By “harmonic rhythm” we mean the rate at which chords change, especially when the outer voices move (N.B.: This is independent of the surface rhythmic values, which may include harmonically static repeated notes and trills). Harmonic rhythm determines how much new pitch information the brain must process in a given time. Even in textures where there is no simple harmonic norm, the rate of arrival of new pitches powerfully affects the music’s momentum.

However, harmonic rhythm is usually felt in relation to a norm; once this norm is established, all other things being equal, faster changes “raise the temperature”, while slower changes seem calmer. Of course arbitrary changes are also possible, but they quickly lose their novelty, since the listener cannot develop meaningful expectations about their continuation. That said, a change from irregular harmonic rhythm to more regular harmonic rhythm, or vice versa, can create a sense of structural movement.

This example (already discussed in another context) plays on the listener’s expectations of harmonic rhythm.
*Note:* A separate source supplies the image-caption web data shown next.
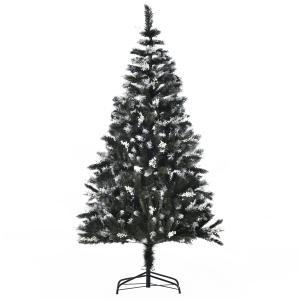 HOMCOM Albero di Natale Innevato con Bacche Decorative Bian…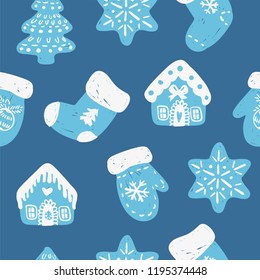 Vector seamless pattern with hand drawn doodle Christmas trees forest, gloves, socks, houses and snowflakes.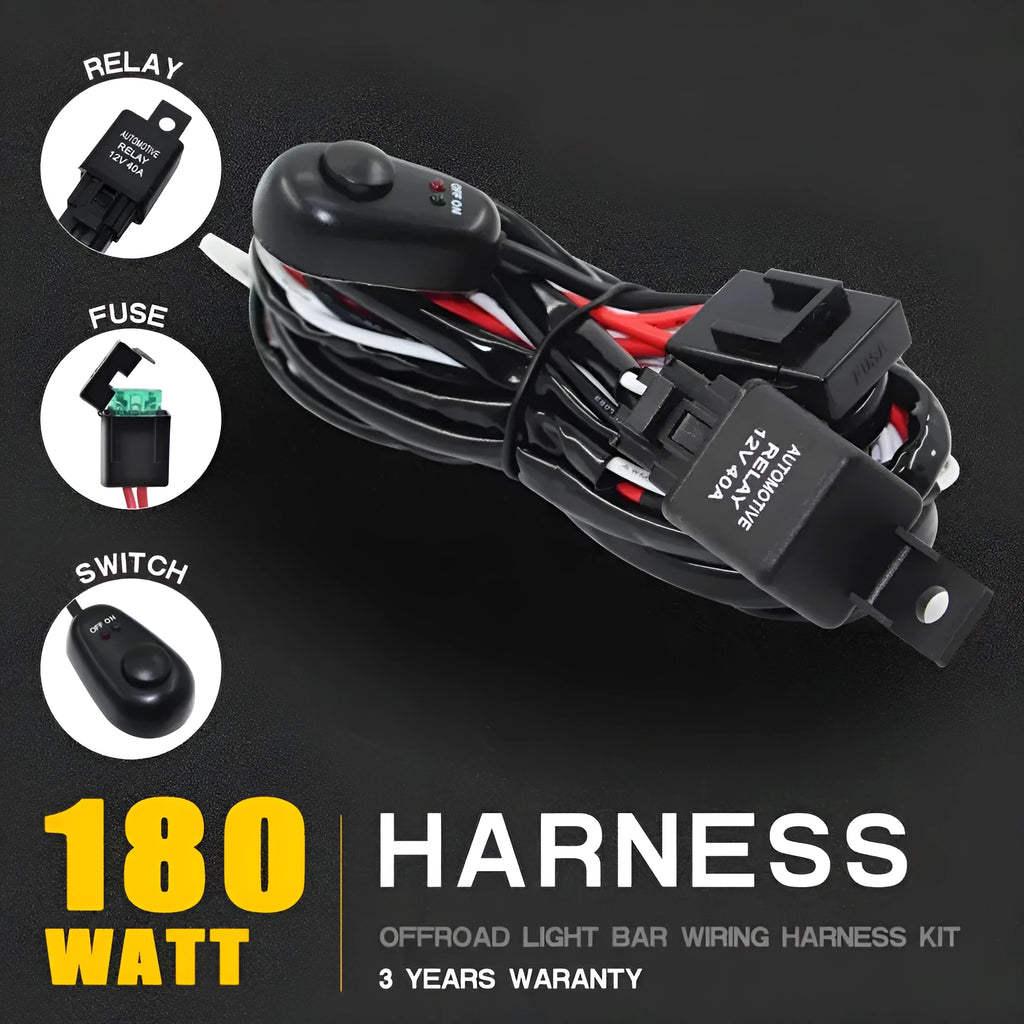 Automotive wiring harness for dual LED roof lights with silicone insulation and 2 metre length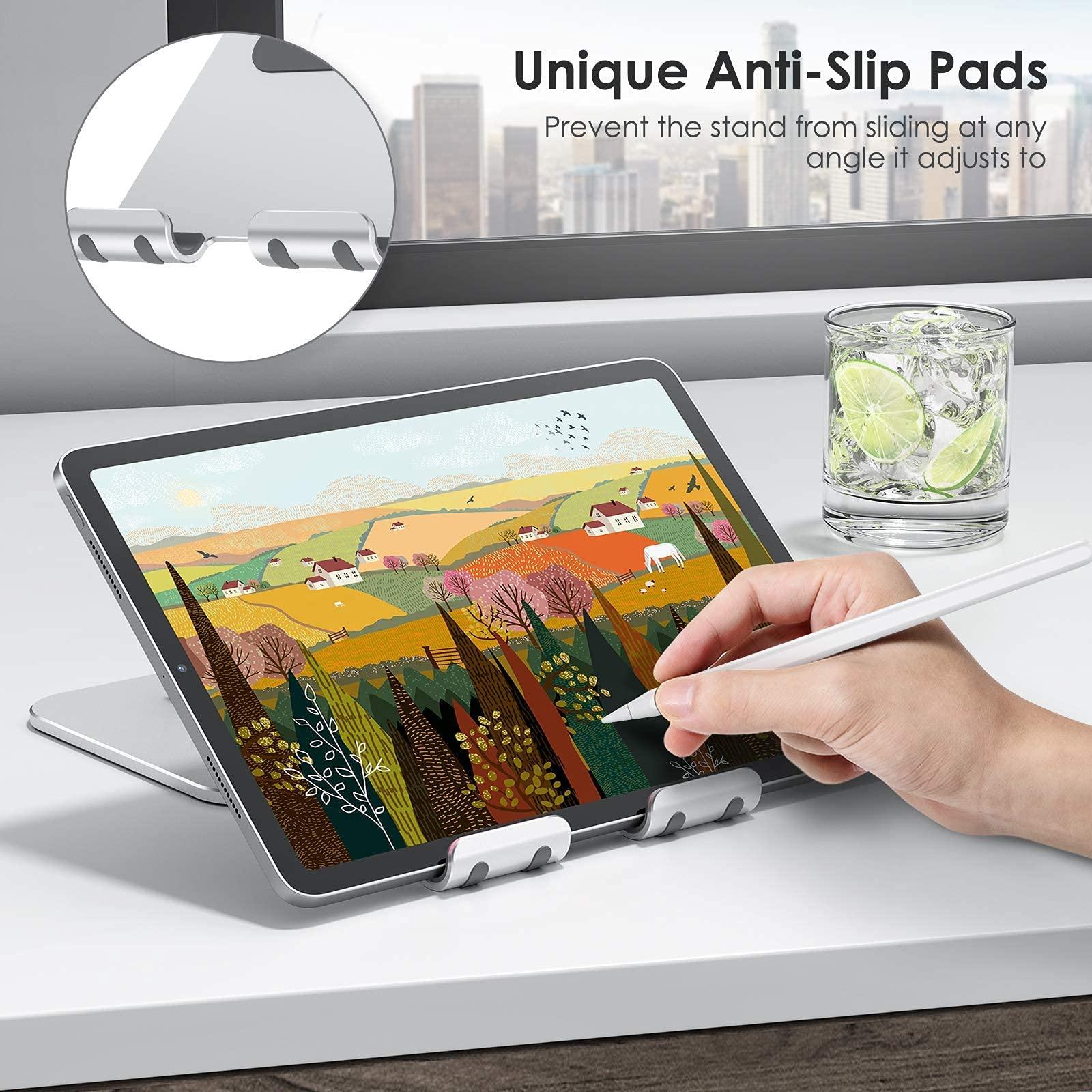 Nâng cấp giá đỡ máy tính bảng có thể điều chỉnh bằng nhôm Đế nặng có thể gập lại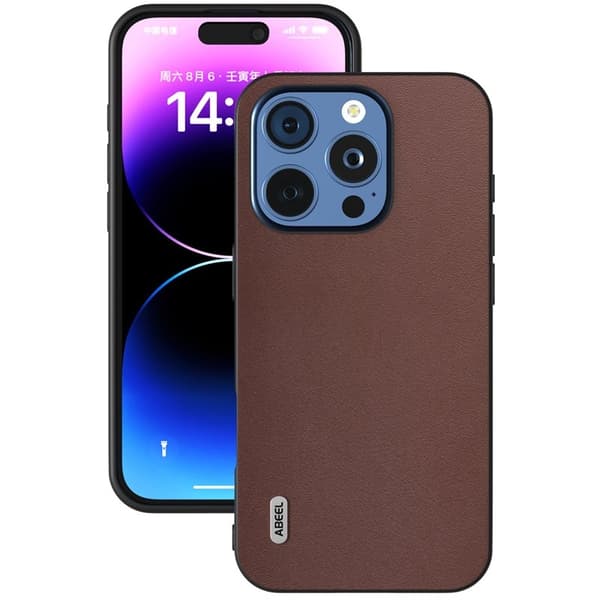 ABEEL Mobilskal till iPhone 16 Pro Max Äkta Läder + PC + TPU - Brun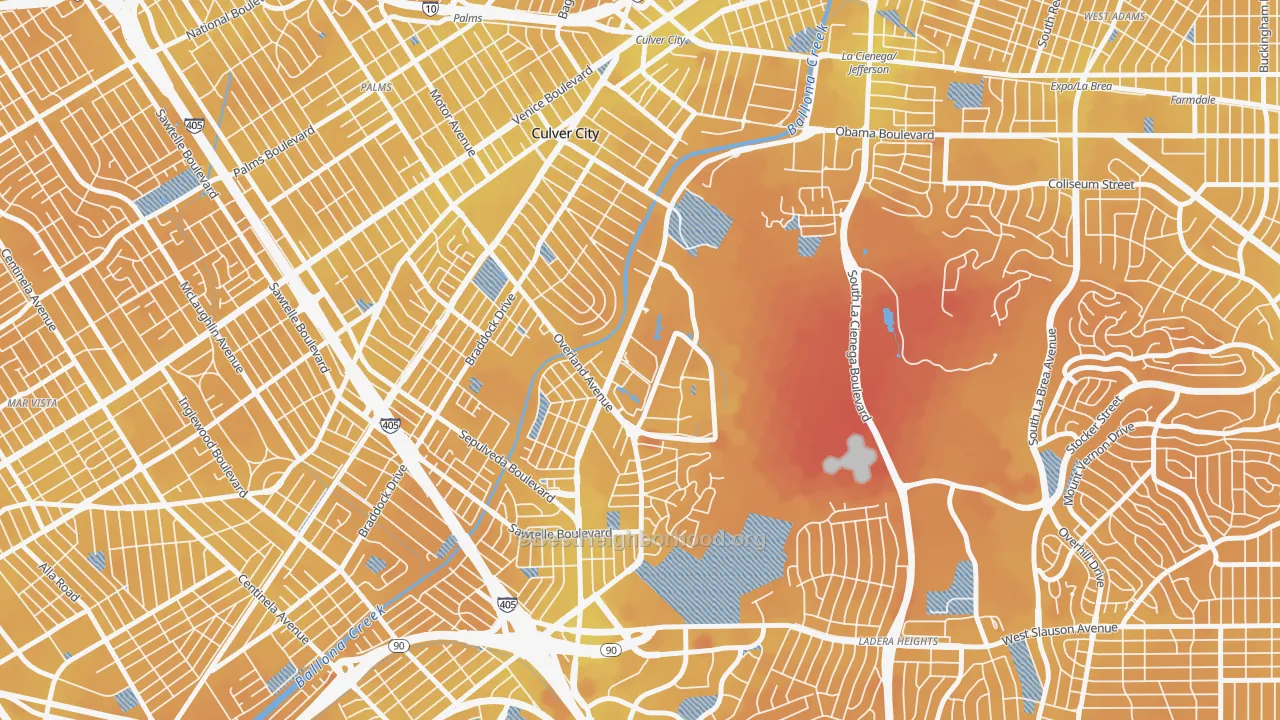 Transit Grade map of Jefferson, Culver City, CA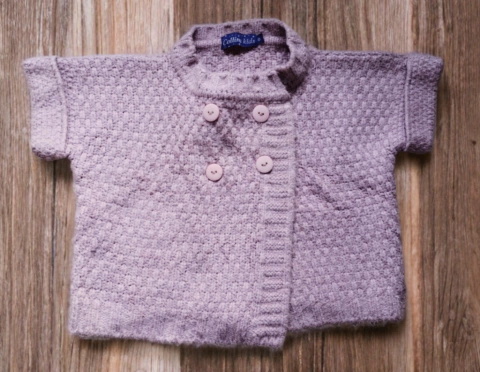 Colete de Lã Infantil com Manga Curta Feminino Tamanho 8 - Usado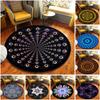 Rotating Abstract Print Round Carpet Mandala Flower Round Floor Mat Study Living Room Bedroom Non-slip Yoga Floor Mat Chair Mat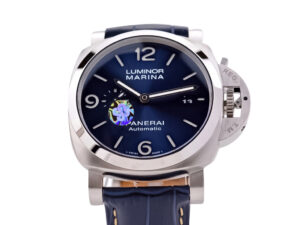 Luminor 1950 Marina 3 Days Automatic watch with stainless steel case, blue sunburst dial, and matching blue strap (44mm).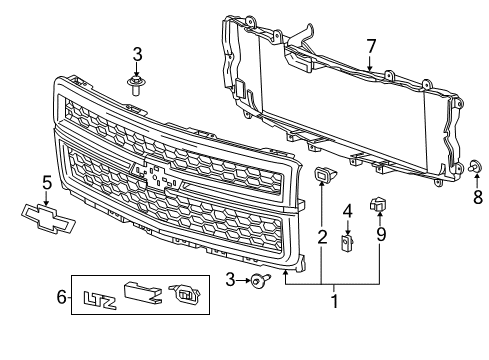 2015 Chevy Silverado 1500 Grille & Components Diagram 2 - Thumbnail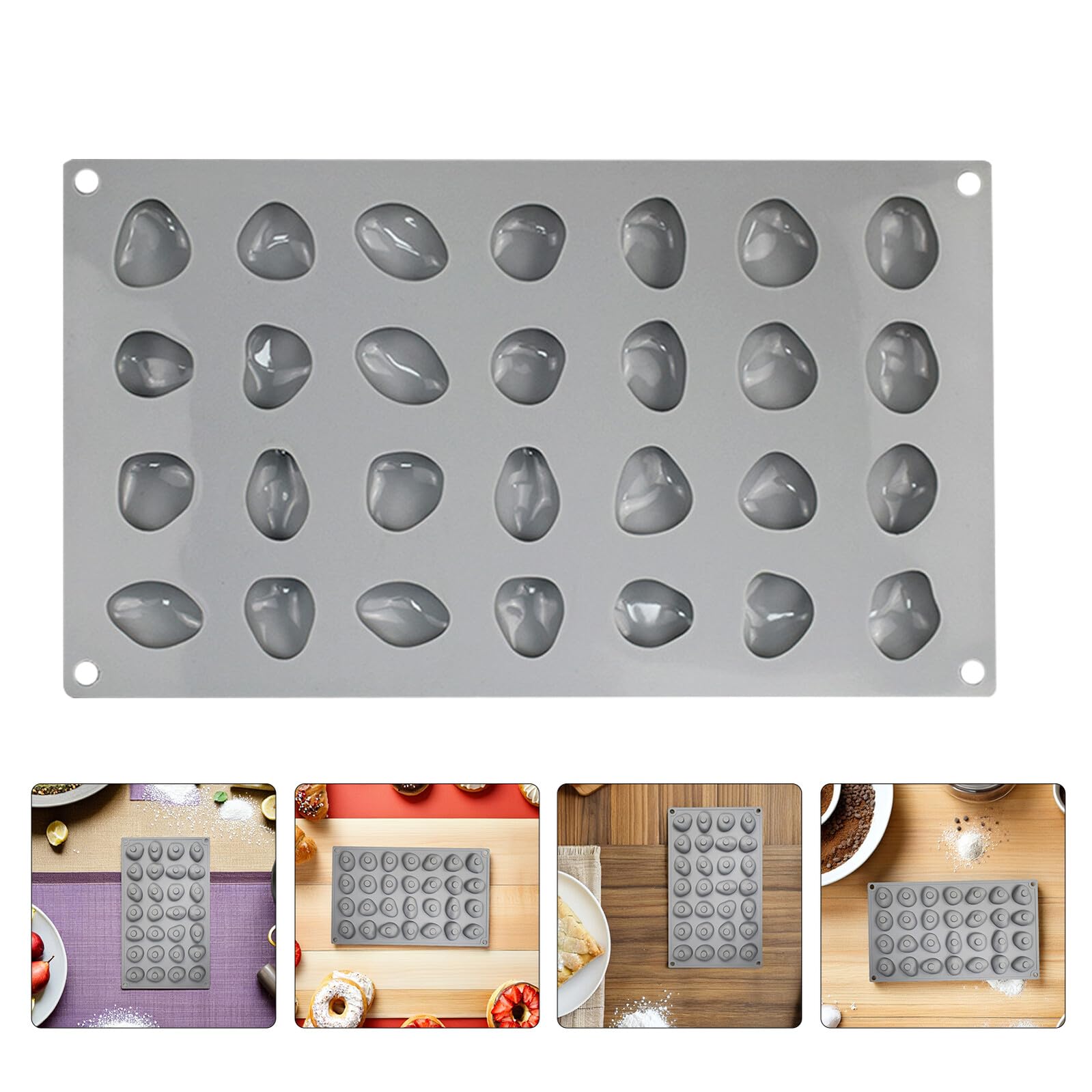Moule à Chocolat Galets 28 Cavités en Silicone, Lot de 2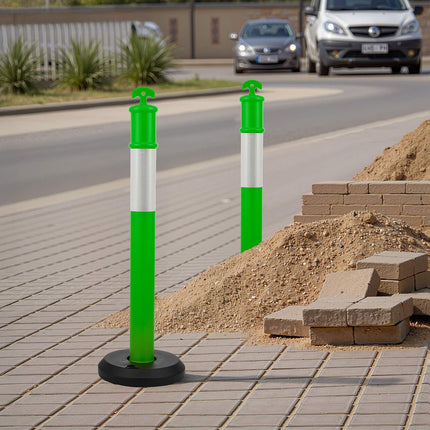 Traffic Delineator Posts 3-Pack, 1140 mm, Reflective, Fillable Base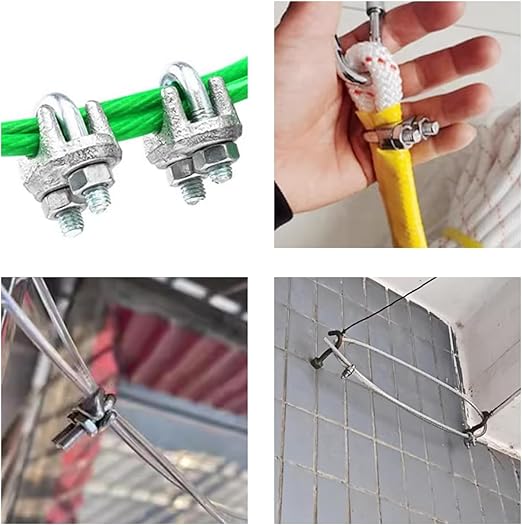 Heavy Duty U Clamp Wire Rope Locks Clip Clamp Threaded U Bolt for Wire Loop, Rigging, Gym Wire Lock, Clamp Fastner, Cable Clips, Saddle Fastner (Pack of 2) (3 MM, Steel) - SparesDeal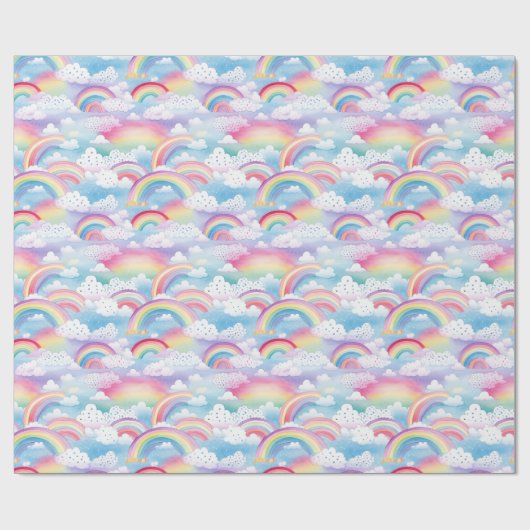 Rainbows and Clouds Cadeaupapier (Vlak)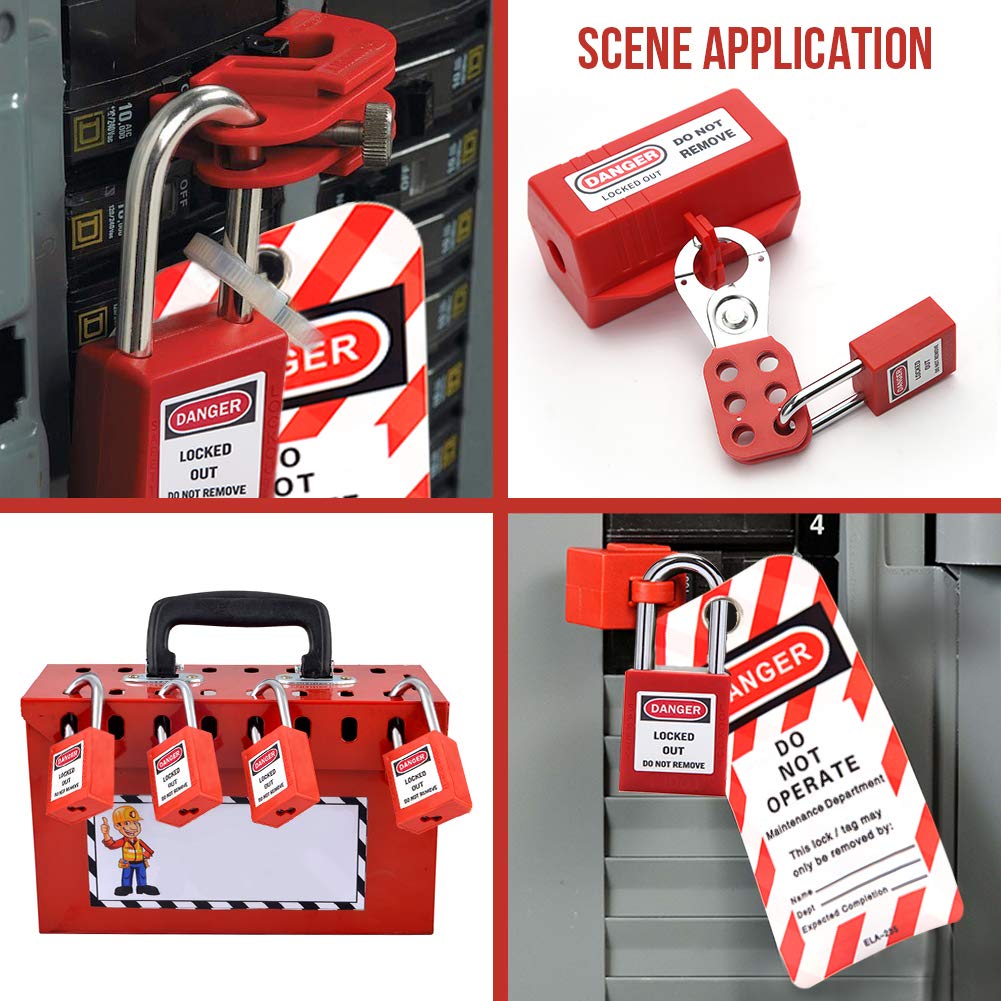 10 PCS Universal Single Pole Clamp Lockout Tagout Kit Y53811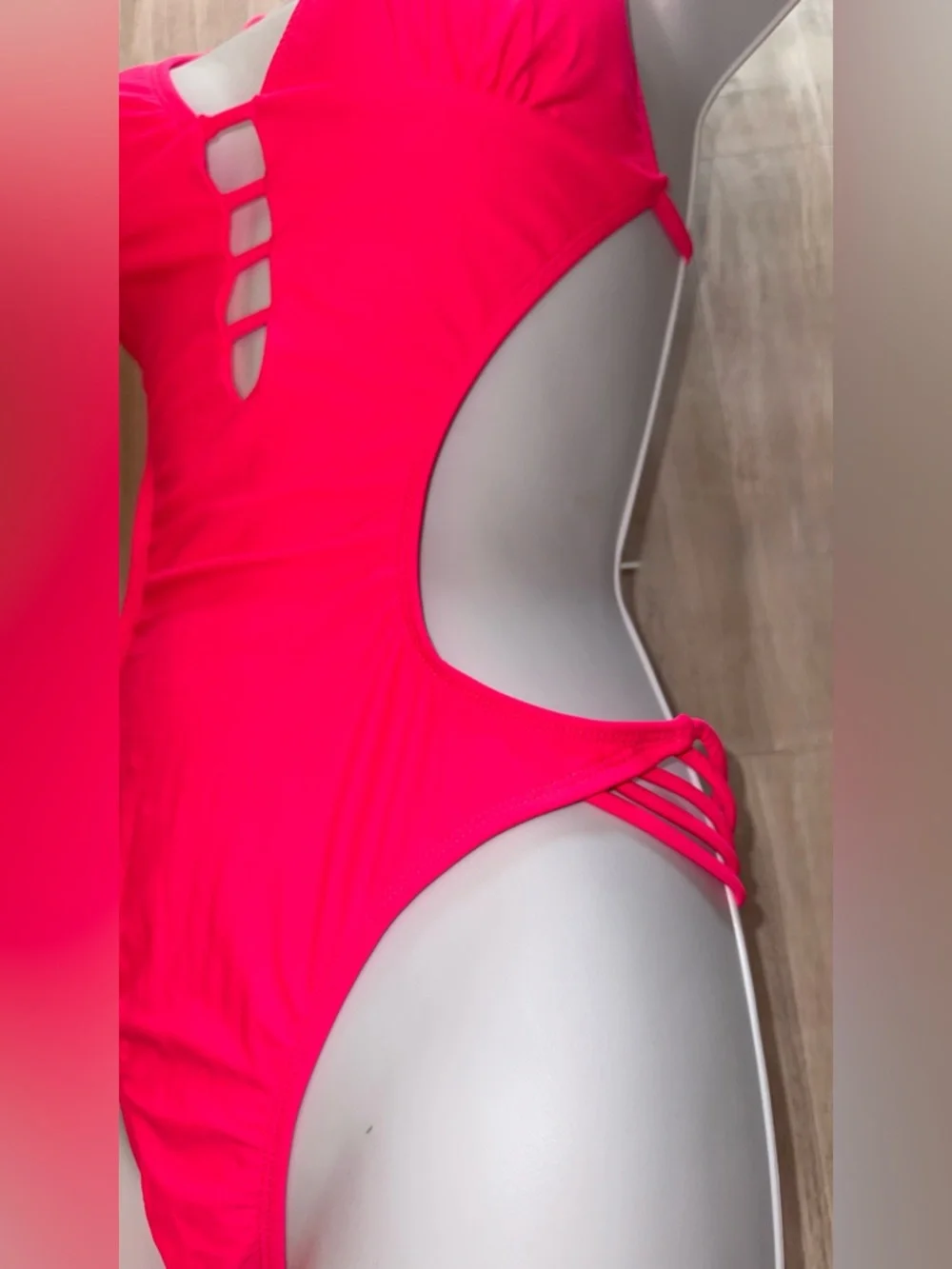 Neon Pink Y2K One-Piece Swimsuit with Side Cut-Outs - size Large - Picture 11 of 12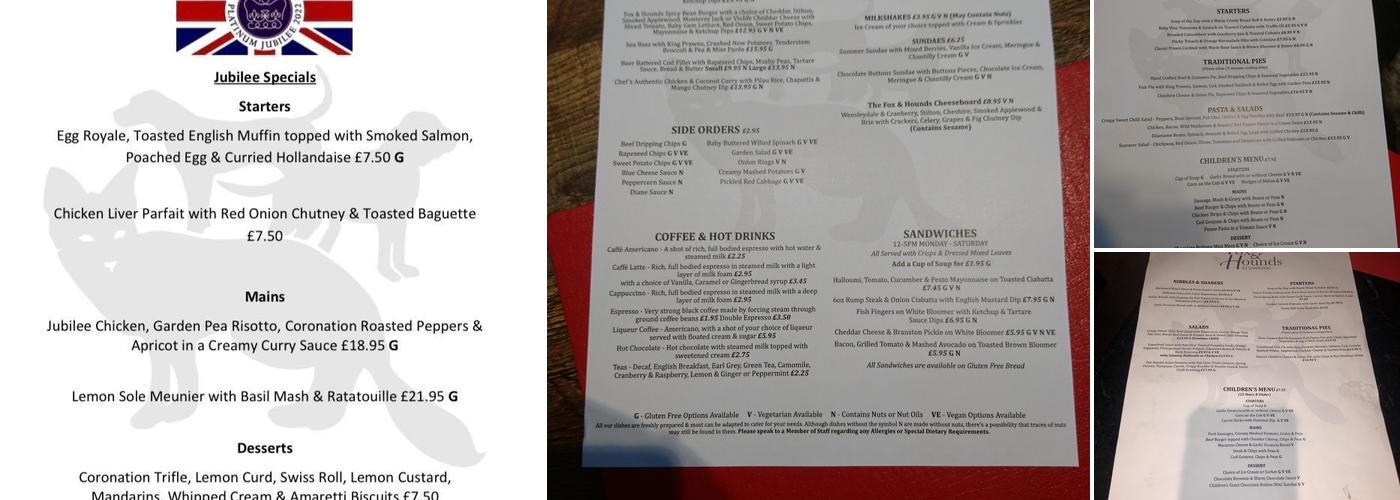 The Fox and Hounds Menu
The first three, repeated, measures create a sense of stability, which is disrupted by the new notes in the fourth measure. The return to the opening pattern suggests a repeat of the process, but there quickly follows even more novelty. Finally, the return of stability with the repeated C#’s makes the sudden arrival of the final E more dramatic.

One last point: Consistency of harmonic rhythm can help unify the music within a section, while change in harmonic rhythm can help to define differences between sections.

Modulation and Harmonic Transition

In music with clear tonal centers, moving to new tonal regions for contrast is an obvious way to underline structural articulations. It is also a very useful means of creating contrast, since it allows for everything from mild local changes to strong long term shifts.

In music without clear tonal centers, modulation acts like a simple extension of harmonic rhythm: the arrival of new pitches is easily noticed, and the rate of their arrival influences the sense of musical momentum. Even in non-tonal situations one can create gradations of modulation, simply by controlling the number of new notes which arrive within a given span of time. The example above again provides a clear illustration of this process.

Technically, the process of modulation is the harmonic side of the art of transition. As in other aspects of musical form, transitions can be sudden or gradual, and can lead to closer or more remote contrasts.

A useful procedure for planning modulation is:

  1. Determine the appropriate degree of contrast for where one is in the form.
  2. Determine whether a gradual or a more abrupt change is required; abrupt changes occur more rarely than gradual ones, since they are more disruptive to the music’s flow.
  3. Bring in new notes in ways which attract the ear: as accented notes, peaks, resolutions of suspensions, etc. Create momentum towards these new notes with melodic, rhythmic, or textural progressions.
  4. The more gradual the change required, the more important it is to introduce new notes one at a time.

Note that changing the rate of modulation (an extension of the notion of harmonic rhythm) can also create effects of increased or decreased musical movement. As discussed in our book on musical form, incremental progressions – e.g. in the rate of modulation – allow the composer to create expectations. Such expectations, both fulfilled and unfulfilled, connect the musical present and future to remembered events in the past in a pseudo-causal way, thereby unifying larger stretches of music, through suspense.

Where the music uses such progressions, whether in the rate of modulation or in other aspects of the music, a sense of direction will result. Where there is direction, there will also be climax, i.e. a sense of culmination and arrival. Such climaxes are outstanding moments, which the listener will remember.